Token counting and budget management for MiniMax API
Project description
TokenCUNT
_______ _ _____ *
|__ __| | | / ____|
| | ___ | | _____ _ __ | |
| |/ _ \| |/ / _ \ '_ \ | |
| | (_) | < __/ | | | | |____
|_|\___/|_|\_\___|_| |_| \_____|
A smart, token-efficient AI layer for developers.
Stop burning credits. Start knowing exactly what you spend.
Why TokenCUNT?
Most AI tools are careless with your tokens — redundant calls, bloated context, zero visibility. TokenCUNT is the opposite:
- Efficient by design — smart batching and context compression minimize wasted calls
- Fully transparent — see exactly how many tokens every operation costs, before and after
- You're in control — set budgets and limits per session or per task
Installation
# Install TokenCUNT
pip install tokencunt
# Install with CLI dependencies (recommended)
pip install tokencunt[cli]
# Or install in development mode
pip install -e ".[cli,dev]"
Requirements
- Python 3.10+
- MiniMax API key
VSCode Extension
Download and install the VSCode extension:
# Option 1: Install from VSIX file
code --install-extension tokencunt-vscode/tokencunt-0.1.0.vsix
# Option 2: Manual install
# 1. Open VSCode
# 2. Go to Extensions (Ctrl+Shift+X)
# 3. Click "..." menu → "Install from VSIX"
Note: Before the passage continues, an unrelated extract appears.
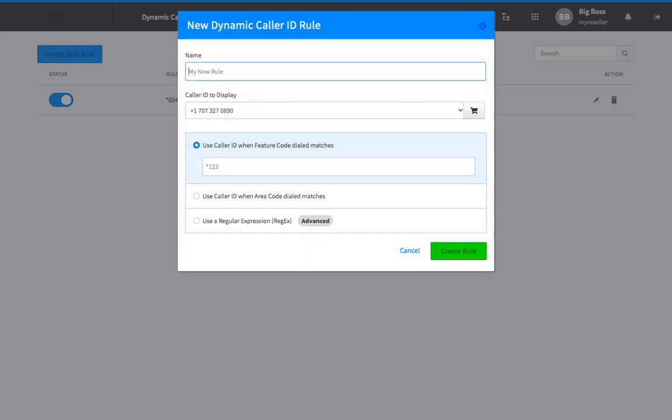Give your rule a name, then select a number from your list of available numbers to show as the virtual ID.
# 4. Select tokencunt-0.1.0.vsix
VSCode Extension Features:
- Status bar with live token count
- Inline hover hints for token estimation
- Command palette integration
- Budget alerts when approaching limit
- Quick actions via Ctrl+Shift+P
Quick Start
1. Configure your API key
# Set environment variable
export MINIMAX_API_KEY="your-api-key"
export MINIMAX_GROUP_ID="your-group-id"
# Or create a config file
mkdir -p ~/.tokencunt
cat > ~/.tokencunt/config.yaml << EOF
api_key: "your-api-key"
group_id: "your-group-id"
model: "abab6.5-chat"
default_budget: 10000
EOF
2. Run the CLI
# Show logo and welcome
ts start
# Ask a question with full token tracking
ts ask "explain this function" --file main.py
# Dry run — see the cost before committing
ts ask "refactor this" --file app.py
# Analyze a file and get suggestions
ts analyze --file main.py
# Run multiple tasks from a JSON file
ts batch --file tasks.json
# View a usage report for the current session
ts report
# Session management
ts session new
ts session list
ts session config --budget 5000
Commands
| Command | Description |
|---|---|
ts start |
Show logo and welcome message |
ts ask "<prompt>" --file <file> |
Ask a question with token tracking |
ts ask ... (no flags) |
Ask a question directly |
ts ask ... --dry-run |
Preview token cost without API call |
ts analyze --file <file> |
Analyze a file for improvements |
ts analyze --file <file> --focus bugs |
Focus on specific area (bugs, performance, style, security) |
ts batch --file <json> |
Run multiple tasks from JSON file |
ts report |
Show session usage breakdown |
ts report --format json |
JSON output for scripting |
ts session new |
Create a new session |
ts session list |
List all sessions |
ts session config --budget 5000 |
Set token budget for session |
ts session clear |
Clear session data |
ts version |
Show version information |
Phase 4: Advanced Features
| Command | Description |
|---|---|
ts scan <path> |
Scan project for token estimation |
ts scan --extensions py,js --verbose |
Scan with specific extensions |
ts scan --ignore .tokencuntignore |
Scan with custom ignore file |
ts simulate --requests 1000 --tokens 500 |
Simulate API costs |
ts simulate --scenario startup --model gpt-4 |
Use pre-defined scenario |
ts simulate --users 100 --messages 50 --tokens 300 |
User-based scenario |
ts diff original.txt optimized.txt |
Git-style prompt diff |
ts diff --stats |
Show only statistics |
ts optimize prompt.txt |
Optimize with AI + rules |
ts optimize prompt.txt --rules-only |
Rules-only optimization |
ts optimize --show-diff |
Show changes made |
Global Options
| Option | Description |
|---|---|
-q, --quiet |
Minimal output |
-v, --verbose |
Verbose output |
--json |
JSON output |
--debug |
Debug mode with traceback |
-y, --yes |
Skip confirmations |
Example Output
$ ts ask "what does this function do?" --file utils.py
Estimated tokens: 312
─────────────────────────────────────
Response: This function takes a list and...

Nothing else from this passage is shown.